Hutahaean mengaitkan Poda Na Lima (khususnya butir pertama, “Paias Rohamu”) dengan kesembilan buah roh yang akan kita hasilkan bilamana sebagai ranting kita tinggal dalam Kristus sebagai pokok anggur. Yaitu kasih, sukacita, damai sejahtera, kesabaran, kemurahan, kebaikan, kesetiaan, kelemahlembutan, dan penguasaan diri. Jika kita ingin berubah, katanya, kita harus memiliki tekad seperti isi Galatia 2 ayat 20a yang mengatakan “namun aku hidup, tetapi bukan lagi aku sendiri yang hidup, melainkan Kristus yang hidup di dalam aku.” Itu sejalan dengan pesan dalam lirik lagu-lagu yang dinyanyikan oleh ketiga paduan suara perempuan pada acara itu, yang mengajak kita hidup baru dan tinggal di dalam kasih, bukan dalam kesombongan dan hal-hal lain yang tidak sesuai dengan yang diajarkan oleh Tuhan.
Pertanyaannya kemudian, mengapa kita harus berbuah? Karena itulah yang dikehendaki oleh Tuhan. Sangat ngeri sebenarnya membaca Yohanes 15 ayat 2, yang mengatakan, “Setiap ranting pada-Ku yang tidak berbuah, dipotong-Nya dan setiap ranting yang berbuah, dibersihkan-Nya, supaya ia lebih banyak berbuah.”

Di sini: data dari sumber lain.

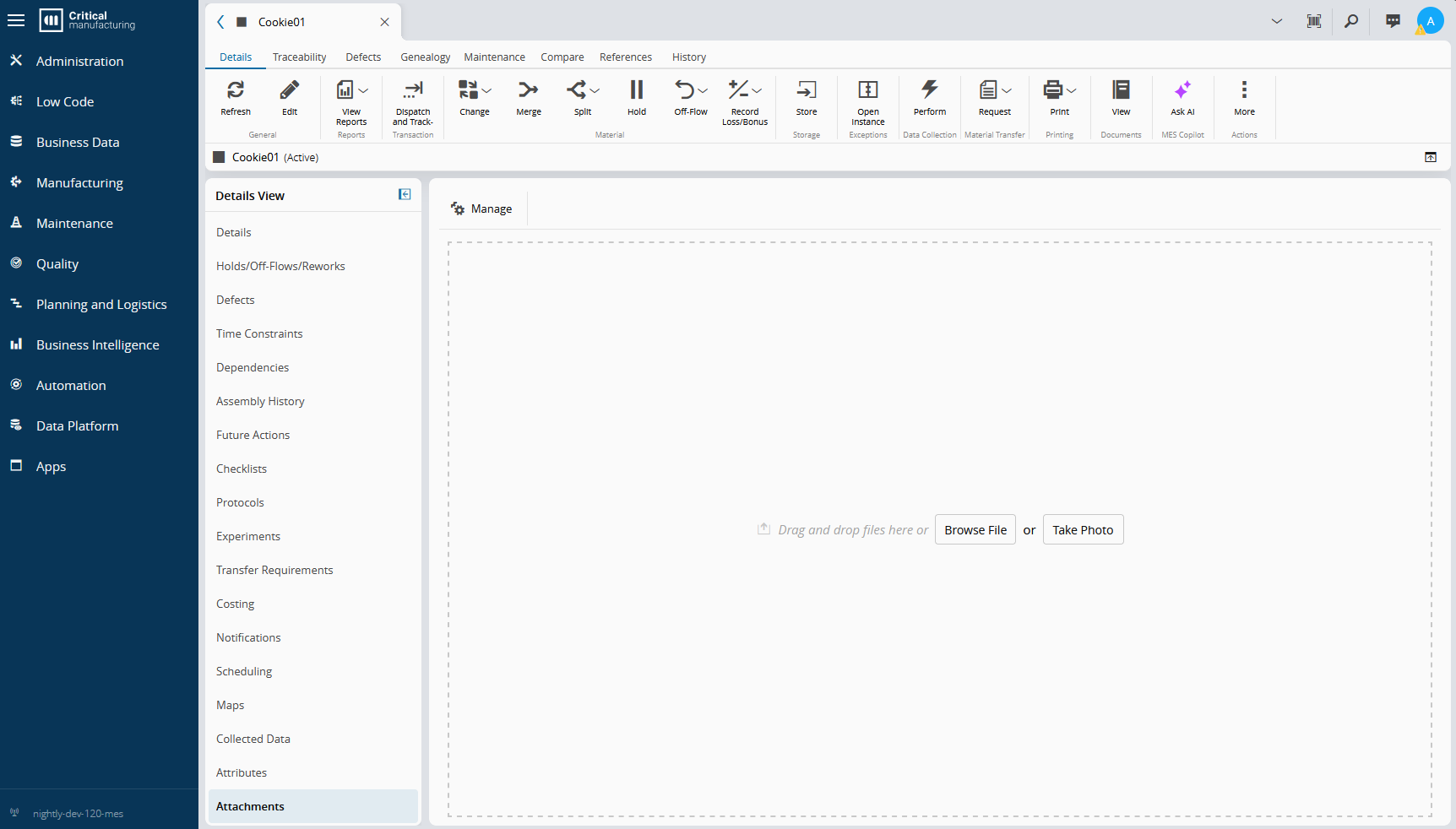 Screenshot showing the Attachments section without attachments, with Browse File and Capture Image options.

Secara pribadi, saya ingin, ketika Tuhan datang, Tuhan mendapatkan saya sebagai ranting yang berbuah. Jika ikut dalam paduan suara di gereja, saya ingin bisa menyanyikan lagu-lagu itu untuk kemuliaan Tuhan dan meresapinya, lalu menerapkannya dalam kehidupan sehari-hari. Saya membayangkan, jika saja ada 100 orang di gereja yang ikut dalam paduan suara dan melakukan hal itu, setidaknya sudah ada 100 orang yang siap berbuah. Gereja akan bertumbuh dan berkembang, dalam artian tidak sekadar jumlah orangnya, melainkan juga kualitasnya.

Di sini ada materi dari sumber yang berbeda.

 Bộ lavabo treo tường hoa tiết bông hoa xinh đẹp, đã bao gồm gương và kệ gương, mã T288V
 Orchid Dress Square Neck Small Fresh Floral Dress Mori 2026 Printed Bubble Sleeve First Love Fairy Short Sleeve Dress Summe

Sejalan dengan pencanangan tahun ini oleh gereja saya sebagai “Tahun Profesionalisme dalam Penatalayanan”, semoga saya sebagai jemaat bisa juga tampil sebagai pelayan dan saksi Tuhan. Karena begitu banyak sebenarnya pekerjaan di ladang Tuhan dan saya pasti berguna di dalamnya. ***
*Siregar, I., Rusli, A., & Naelofaria, S. (2022). Interpretasi Poda Na Lima Sebagai Pendidikan Karakter pada Masyarakat Angkola-Mandailing. Jurnal Pancasila, Vol. 3 (1), 01-06.